(THE DATA)
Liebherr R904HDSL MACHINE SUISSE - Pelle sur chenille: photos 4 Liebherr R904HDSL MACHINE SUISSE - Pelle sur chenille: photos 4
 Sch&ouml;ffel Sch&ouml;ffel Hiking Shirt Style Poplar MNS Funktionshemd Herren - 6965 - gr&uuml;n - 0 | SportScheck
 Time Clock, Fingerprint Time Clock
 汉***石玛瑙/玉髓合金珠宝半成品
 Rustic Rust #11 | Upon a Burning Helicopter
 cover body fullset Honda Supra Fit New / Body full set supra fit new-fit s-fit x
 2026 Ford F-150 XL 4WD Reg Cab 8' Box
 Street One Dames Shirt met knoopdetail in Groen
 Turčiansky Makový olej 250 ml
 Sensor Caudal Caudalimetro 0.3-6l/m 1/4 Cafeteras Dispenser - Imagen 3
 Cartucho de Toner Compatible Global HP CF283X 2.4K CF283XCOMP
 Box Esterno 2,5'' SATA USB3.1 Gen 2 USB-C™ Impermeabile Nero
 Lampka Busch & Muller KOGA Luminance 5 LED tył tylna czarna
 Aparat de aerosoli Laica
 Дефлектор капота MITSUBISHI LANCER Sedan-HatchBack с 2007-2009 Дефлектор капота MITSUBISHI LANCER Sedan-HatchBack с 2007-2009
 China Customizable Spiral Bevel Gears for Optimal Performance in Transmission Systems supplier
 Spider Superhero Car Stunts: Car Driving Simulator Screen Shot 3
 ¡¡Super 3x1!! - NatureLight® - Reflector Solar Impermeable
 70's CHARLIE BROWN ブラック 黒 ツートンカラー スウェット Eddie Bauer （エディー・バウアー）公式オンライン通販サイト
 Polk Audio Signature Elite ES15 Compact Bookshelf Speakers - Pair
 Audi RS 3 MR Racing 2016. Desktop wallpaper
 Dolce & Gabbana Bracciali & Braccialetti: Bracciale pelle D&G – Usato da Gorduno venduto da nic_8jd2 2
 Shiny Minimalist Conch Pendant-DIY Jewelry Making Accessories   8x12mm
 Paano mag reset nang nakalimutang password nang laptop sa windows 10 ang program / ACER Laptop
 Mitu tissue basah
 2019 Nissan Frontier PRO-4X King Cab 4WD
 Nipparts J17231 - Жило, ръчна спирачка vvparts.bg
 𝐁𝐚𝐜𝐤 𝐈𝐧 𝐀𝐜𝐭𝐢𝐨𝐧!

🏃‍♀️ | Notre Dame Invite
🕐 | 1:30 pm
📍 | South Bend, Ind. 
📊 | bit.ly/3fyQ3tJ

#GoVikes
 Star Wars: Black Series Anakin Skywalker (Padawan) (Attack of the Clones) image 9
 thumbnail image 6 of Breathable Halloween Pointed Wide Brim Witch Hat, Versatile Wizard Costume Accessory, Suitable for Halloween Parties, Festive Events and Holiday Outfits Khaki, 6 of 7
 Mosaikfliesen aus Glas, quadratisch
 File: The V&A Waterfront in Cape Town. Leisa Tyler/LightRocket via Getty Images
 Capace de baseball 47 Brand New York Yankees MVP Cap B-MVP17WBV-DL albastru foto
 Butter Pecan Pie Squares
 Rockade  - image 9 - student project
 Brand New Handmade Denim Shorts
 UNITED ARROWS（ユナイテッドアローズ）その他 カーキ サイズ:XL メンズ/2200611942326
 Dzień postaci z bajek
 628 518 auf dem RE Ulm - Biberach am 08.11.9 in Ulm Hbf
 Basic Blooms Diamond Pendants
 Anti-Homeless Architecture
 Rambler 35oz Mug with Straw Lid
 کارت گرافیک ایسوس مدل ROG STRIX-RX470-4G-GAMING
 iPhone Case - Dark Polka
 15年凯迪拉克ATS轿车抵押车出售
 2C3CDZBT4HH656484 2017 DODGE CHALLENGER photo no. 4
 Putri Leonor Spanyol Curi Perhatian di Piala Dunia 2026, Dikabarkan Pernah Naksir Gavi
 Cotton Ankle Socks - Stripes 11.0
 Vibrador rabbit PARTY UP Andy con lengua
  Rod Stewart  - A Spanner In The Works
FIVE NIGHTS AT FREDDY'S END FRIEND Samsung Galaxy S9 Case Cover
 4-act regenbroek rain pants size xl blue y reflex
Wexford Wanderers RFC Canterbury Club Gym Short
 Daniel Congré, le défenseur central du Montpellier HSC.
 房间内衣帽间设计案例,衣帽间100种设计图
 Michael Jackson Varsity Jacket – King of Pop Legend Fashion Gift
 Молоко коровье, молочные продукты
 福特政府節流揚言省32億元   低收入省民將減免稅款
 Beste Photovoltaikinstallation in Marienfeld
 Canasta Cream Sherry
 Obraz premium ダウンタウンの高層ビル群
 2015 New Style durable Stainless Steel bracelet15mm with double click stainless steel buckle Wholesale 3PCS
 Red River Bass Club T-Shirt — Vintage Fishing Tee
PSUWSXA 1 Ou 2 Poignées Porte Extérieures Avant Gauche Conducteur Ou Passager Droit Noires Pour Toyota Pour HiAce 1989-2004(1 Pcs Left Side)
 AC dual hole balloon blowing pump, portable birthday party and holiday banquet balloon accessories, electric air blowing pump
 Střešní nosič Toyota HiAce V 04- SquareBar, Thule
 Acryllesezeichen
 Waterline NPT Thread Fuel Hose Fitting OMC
(End THE DATA)
HOW TO COMPLETE THIS TASK → All lines above that contain "Toyota" are required in the answer.

OUTPUT FOR THIS TASK →
PSUWSXA 1 Ou 2 Poignées Porte Extérieures Avant Gauche Conducteur Ou Passager Droit Noires Pour Toyota Pour HiAce 1989-2004(1 Pcs Left Side)
 Střešní nosič Toyota HiAce V 04- SquareBar, Thule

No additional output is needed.